Celui-ci est en effet accumulé à un rythme élevé par les banques centrales : plus de 1 000 tonnes en 2024, soit le double de la moyenne stockée depuis dix ans. Ce sont ainsi 36 000 tonnes gardées en sous-sol, presque les 38 000 tonnes de 1965, le beau temps de Bretton-Woods.

On peut se demander pourquoi les inquiétudes suscitées par Trump ne profitent pas plus à l’euro. Les raisons abondent, des deux côtés. Côté zone euro, Christine Lagarde met d’abord l’accent sur la complexité de la zone : 27 pays, 28 bientôt (la Bulgarie), ont une monnaie commune, c’est-à-dire une politique monétaire commune. Bien sûr, leurs économies, leurs tailles et spécialisations, donc leurs objectifs diffèrent et les tensions internes doivent être dépassées, ce qui ne va pas de soi dans un monde secoué, « fracturé », comme dit la présidente de la BCE. Elle reprend les rapports Draghi et Letta, plus les engagements écologiques (qui souffrent), pour mettre l’accent sur l’investissement, la formation, la productivité et plus encore sur l’union de l’épargne et de l’investissement. Il s’agit de faire en sorte que l’Union européenne, qui épargne bien plus que les Etats-Unis, en profite pour son propre développement, en investissant chez elle.
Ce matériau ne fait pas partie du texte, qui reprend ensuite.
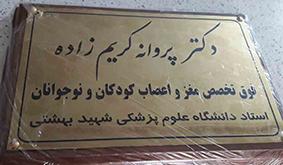 پلاک استیل طلایی | ساخت پلاک استیل طلایی با کیفیت 24 ساعته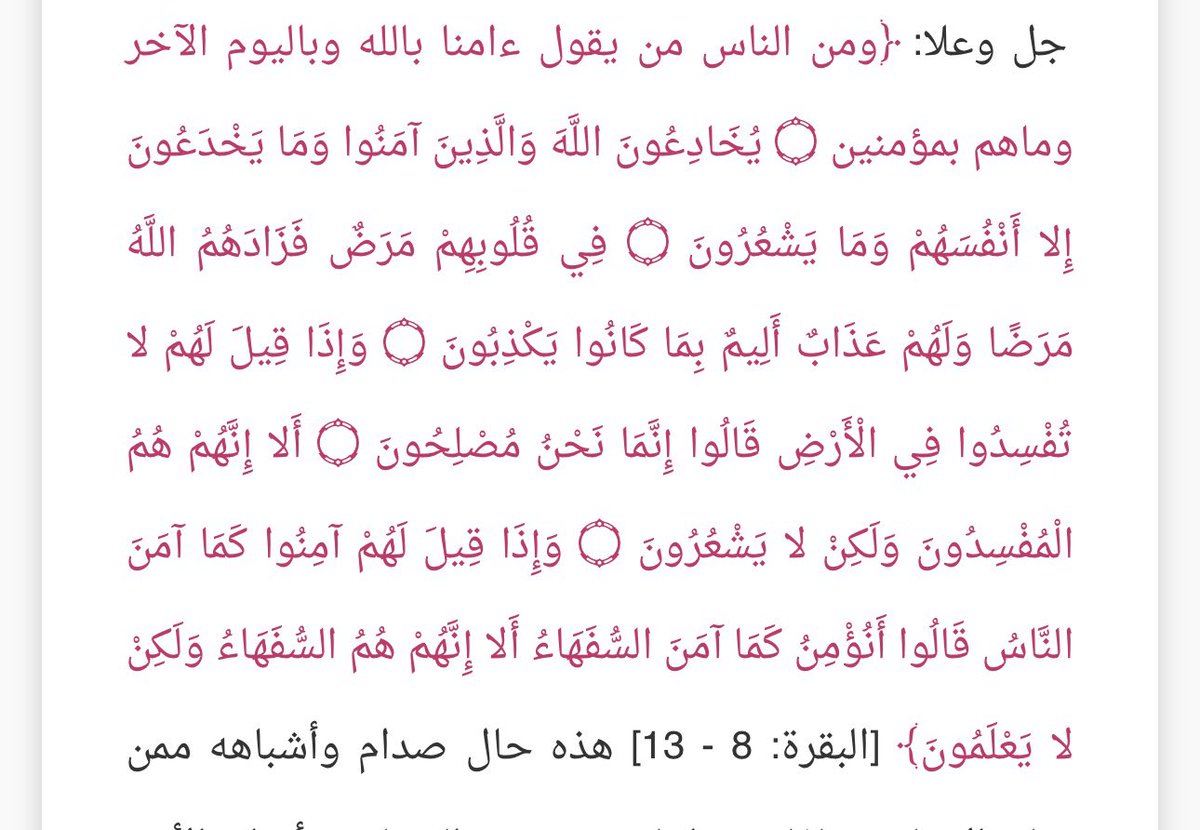 مُحَمَّد tweet media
Christine Lagarde poursuit en faisant référence à ce qui se passe pour la régulation des banques, où les petites et moyennes sont suivies au niveau national, et les grandes (systémiques) à Francfort, à la satisfaction de tous : le système bancaire européen est très solide, lui… On pensera aux problèmes des banques moyennes américaines, secouées par la volatilité des (gros) déposants, mais on n’en parlera pas.

 

L’euro stigmatisé ?

C’est ici que Trump entre en scène (c’est le cas de le dire) avec ses attaques contre l’Europe (l’euro), ses manipulations des droits de douane et ses interventions politiques contre l’Europe, encore et toujours. Tout se passe comme si, pour Trump, l’euro était la zone faible, par rapport à la Russie et à la Chine qui résistent, les normes protégeant moins un marché qu’une armée. Les marchés financiers le voient.
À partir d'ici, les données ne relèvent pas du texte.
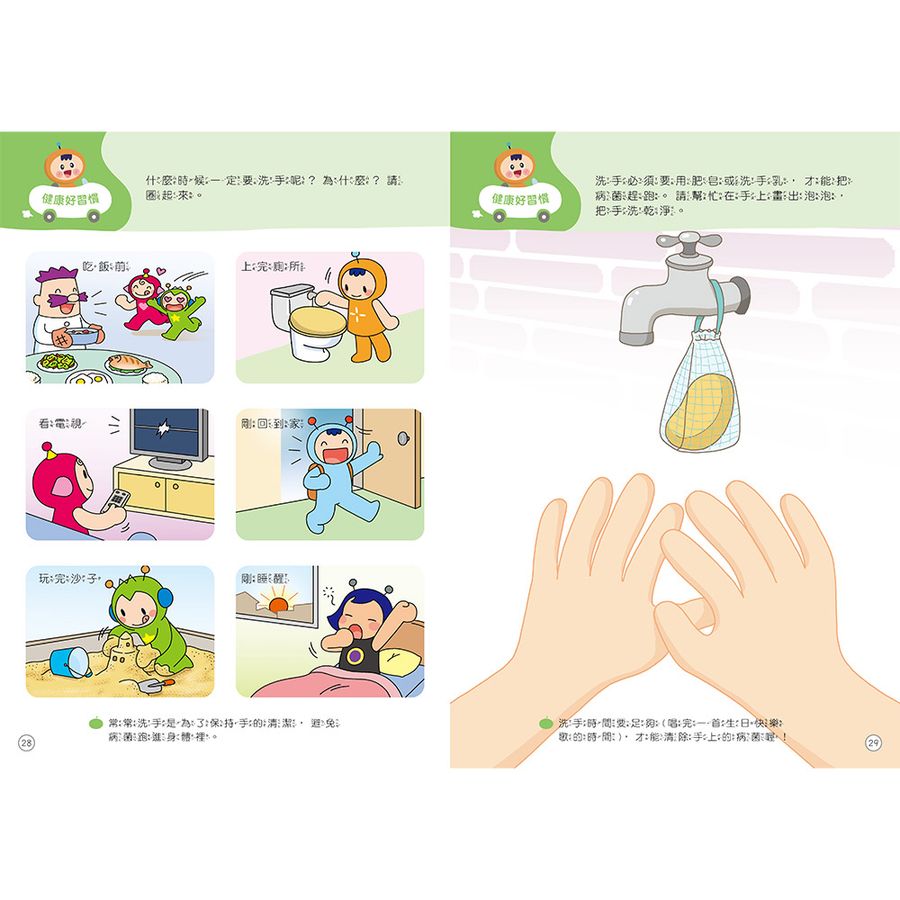 紅豆妮綠豆兵陪你一起 建立習慣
L’Union aide d’autant moins qu’elle tergiverse à s’armer ensemble et à aider l’Ukraine. Elle utilise les revenus des dépôts russes, mais ne saisit pas ces dépôts. Heureusement, car alors le coup porté à l’euro-dépôt serait terrible : l’or ne rapporte pas, mais au moins il ne se saisit pas ! Lors de la présentation le 5 juin, où Christine Lagarde a présenté les décisions de politique monétaire de la BCE, on pouvait lire « responsable » sur son collier. Si l’euro l’est, une fenêtre unique s’ouvre pour lui, mais « cela ne nous sera pas accordé ».